Last night, the Cambodian One TV channel transmitted a film in French with English subtitles called “Le Démantèlement” or “The Dismantling”. It kept me spellbound. The film tells the story of an old sheep-farmer, Gaby, who owns a small but beautiful piece of land with a prize herd of sheep in Quebec. He manages on his own with the help of a young local lad and his faithful dog. His wife left him long ago and his two daughters have made careers for themselves in the city far away. They rarely come to see him on the farm.
The older daughter Marie, who is living a comfortable life in the city, comes to ask for a loan of two hundred thousand dollars to help her by her husband’s share of their house as they separate. Gaby decides to sell his farm, flock and house even though he knows that he will never be able to reach the amount that his daughter requests. As he explains to his younger daughter Frederique, it is the nature of fathers to give. His real goal in life has always been the happiness of his daughter, not his farm.
However this simple story contains another more universal story about the flight from stable rural communities to fragile city conglomerates. The film catches the sadness of the simple farmers who see their friend’s life being destroyed by his own kindness to uncaring daughters. They know that the end will come for them soon. It is like watching the end of an era not just the end of one farmer’s working life.

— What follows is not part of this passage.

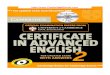 Cae   cambridge certificate in advanced english 2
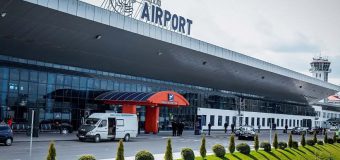 Spațiul aerian al Republicii Moldova a fost închis temporar noaptea trecută din cauza survolării ilegale cu drone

Gaby’s care of the sheep and love of his dog are not demonstrative at all but are all the more real because of his old-fashioned reserve.
This movie is like a parable of a prodigal Father with two uncaring daughters. At least Frederique came to visit at the prompting of Gaby’s friend but Marie does not appear even to receive the money that Gaby has been able to raise for her. He retires to social housing at the edge of the town far from his farm. The world is losing something of inestimable value without realizing it.